## TASK REQUIREMENTS
All of the data below is to be output without alteration.

▽

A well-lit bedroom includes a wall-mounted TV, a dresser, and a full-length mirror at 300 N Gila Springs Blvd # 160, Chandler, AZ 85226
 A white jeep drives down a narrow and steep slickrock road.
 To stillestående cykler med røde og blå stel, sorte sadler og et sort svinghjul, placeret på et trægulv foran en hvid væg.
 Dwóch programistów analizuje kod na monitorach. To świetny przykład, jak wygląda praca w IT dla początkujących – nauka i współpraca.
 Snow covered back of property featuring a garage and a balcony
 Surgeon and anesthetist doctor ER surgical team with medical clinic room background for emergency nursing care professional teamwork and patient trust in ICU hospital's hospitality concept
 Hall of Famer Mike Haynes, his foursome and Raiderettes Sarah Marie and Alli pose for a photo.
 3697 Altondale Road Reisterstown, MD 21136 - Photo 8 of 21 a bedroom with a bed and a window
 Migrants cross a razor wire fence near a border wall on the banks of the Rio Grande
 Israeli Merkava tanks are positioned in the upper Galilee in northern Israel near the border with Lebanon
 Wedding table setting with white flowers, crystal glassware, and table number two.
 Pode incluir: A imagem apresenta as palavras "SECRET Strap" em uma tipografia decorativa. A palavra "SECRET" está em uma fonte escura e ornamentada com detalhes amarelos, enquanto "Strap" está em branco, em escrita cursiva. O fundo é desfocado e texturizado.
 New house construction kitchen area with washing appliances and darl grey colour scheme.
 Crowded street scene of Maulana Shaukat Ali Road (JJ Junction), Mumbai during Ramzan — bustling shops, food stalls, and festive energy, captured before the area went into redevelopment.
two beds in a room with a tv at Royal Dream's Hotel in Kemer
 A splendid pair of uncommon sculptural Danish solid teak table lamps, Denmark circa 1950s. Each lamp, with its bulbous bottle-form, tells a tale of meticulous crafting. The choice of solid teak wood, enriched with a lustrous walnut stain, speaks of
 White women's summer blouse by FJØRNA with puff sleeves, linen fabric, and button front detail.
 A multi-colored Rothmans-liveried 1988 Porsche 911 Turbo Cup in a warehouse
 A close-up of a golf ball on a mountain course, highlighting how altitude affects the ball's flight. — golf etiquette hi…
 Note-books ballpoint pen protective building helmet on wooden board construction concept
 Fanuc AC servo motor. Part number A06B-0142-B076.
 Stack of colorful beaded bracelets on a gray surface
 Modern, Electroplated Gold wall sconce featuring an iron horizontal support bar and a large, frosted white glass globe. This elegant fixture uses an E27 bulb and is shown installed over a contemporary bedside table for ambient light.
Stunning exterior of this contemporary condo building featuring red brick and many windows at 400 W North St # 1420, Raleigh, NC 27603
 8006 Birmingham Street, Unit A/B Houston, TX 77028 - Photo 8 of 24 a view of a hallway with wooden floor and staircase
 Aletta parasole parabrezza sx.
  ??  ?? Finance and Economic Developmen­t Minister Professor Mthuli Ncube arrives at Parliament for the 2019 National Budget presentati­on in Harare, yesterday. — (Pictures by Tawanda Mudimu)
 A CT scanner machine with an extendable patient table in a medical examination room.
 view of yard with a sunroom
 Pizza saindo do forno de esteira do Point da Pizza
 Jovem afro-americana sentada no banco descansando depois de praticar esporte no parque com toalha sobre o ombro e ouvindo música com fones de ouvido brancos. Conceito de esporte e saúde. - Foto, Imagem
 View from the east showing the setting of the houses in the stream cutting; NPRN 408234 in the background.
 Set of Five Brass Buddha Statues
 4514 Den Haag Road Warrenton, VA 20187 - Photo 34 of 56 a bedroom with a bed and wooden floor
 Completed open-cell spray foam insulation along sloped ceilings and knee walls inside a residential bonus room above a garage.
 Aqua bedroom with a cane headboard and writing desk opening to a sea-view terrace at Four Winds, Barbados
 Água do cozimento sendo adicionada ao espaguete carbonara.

△

## RESPONSE FOR THIS EXERCISE
A well-lit bedroom includes a wall-mounted TV, a dresser, and a full-length mirror at 300 N Gila Springs Blvd # 160, Chandler, AZ 85226
 A white jeep drives down a narrow and steep slickrock road.
 To stillestående cykler med røde og blå stel, sorte sadler og et sort svinghjul, placeret på et trægulv foran en hvid væg.
 Dwóch programistów analizuje kod na monitorach. To świetny przykład, jak wygląda praca w IT dla początkujących – nauka i współpraca.
 Snow covered back of property featuring a garage and a balcony
 Surgeon and anesthetist doctor ER surgical team with medical clinic room background for emergency nursing care professional teamwork and patient trust in ICU hospital's hospitality concept
 Hall of Famer Mike Haynes, his foursome and Raiderettes Sarah Marie and Alli pose for a photo.
 3697 Altondale Road Reisterstown, MD 21136 - Photo 8 of 21 a bedroom with a bed and a window
 Migrants cross a razor wire fence near a border wall on the banks of the Rio Grande
 Israeli Merkava tanks are positioned in the upper Galilee in northern Israel near the border with Lebanon
 Wedding table setting with white flowers, crystal glassware, and table number two.
 Pode incluir: A imagem apresenta as palavras "SECRET Strap" em uma tipografia decorativa. A palavra "SECRET" está em uma fonte escura e ornamentada com detalhes amarelos, enquanto "Strap" está em branco, em escrita cursiva. O fundo é desfocado e texturizado.
 New house construction kitchen area with washing appliances and darl grey colour scheme.
 Crowded street scene of Maulana Shaukat Ali Road (JJ Junction), Mumbai during Ramzan — bustling shops, food stalls, and festive energy, captured before the area went into redevelopment.
two beds in a room with a tv at Royal Dream's Hotel in Kemer
 A splendid pair of uncommon sculptural Danish solid teak table lamps, Denmark circa 1950s. Each lamp, with its bulbous bottle-form, tells a tale of meticulous crafting. The choice of solid teak wood, enriched with a lustrous walnut stain, speaks of
 White women's summer blouse by FJØRNA with puff sleeves, linen fabric, and button front detail.
 A multi-colored Rothmans-liveried 1988 Porsche 911 Turbo Cup in a warehouse
 A close-up of a golf ball on a mountain course, highlighting how altitude affects the ball's flight. — golf etiquette hi…
 Note-books ballpoint pen protective building helmet on wooden board construction concept
 Fanuc AC servo motor. Part number A06B-0142-B076.
 Stack of colorful beaded bracelets on a gray surface
 Modern, Electroplated Gold wall sconce featuring an iron horizontal support bar and a large, frosted white glass globe. This elegant fixture uses an E27 bulb and is shown installed over a contemporary bedside table for ambient light.
Stunning exterior of this contemporary condo building featuring red brick and many windows at 400 W North St # 1420, Raleigh, NC 27603
 8006 Birmingham Street, Unit A/B Houston, TX 77028 - Photo 8 of 24 a view of a hallway with wooden floor and staircase
 Aletta parasole parabrezza sx.
  ??  ?? Finance and Economic Developmen­t Minister Professor Mthuli Ncube arrives at Parliament for the 2019 National Budget presentati­on in Harare, yesterday. — (Pictures by Tawanda Mudimu)
 A CT scanner machine with an extendable patient table in a medical examination room.
 view of yard with a sunroom
 Pizza saindo do forno de esteira do Point da Pizza
 Jovem afro-americana sentada no banco descansando depois de praticar esporte no parque com toalha sobre o ombro e ouvindo música com fones de ouvido brancos. Conceito de esporte e saúde. - Foto, Imagem
 View from the east showing the setting of the houses in the stream cutting; NPRN 408234 in the background.
 Set of Five Brass Buddha Statues
 4514 Den Haag Road Warrenton, VA 20187 - Photo 34 of 56 a bedroom with a bed and wooden floor
 Completed open-cell spray foam insulation along sloped ceilings and knee walls inside a residential bonus room above a garage.
 Aqua bedroom with a cane headboard and writing desk opening to a sea-view terrace at Four Winds, Barbados
 Água do cozimento sendo adicionada ao espaguete carbonara.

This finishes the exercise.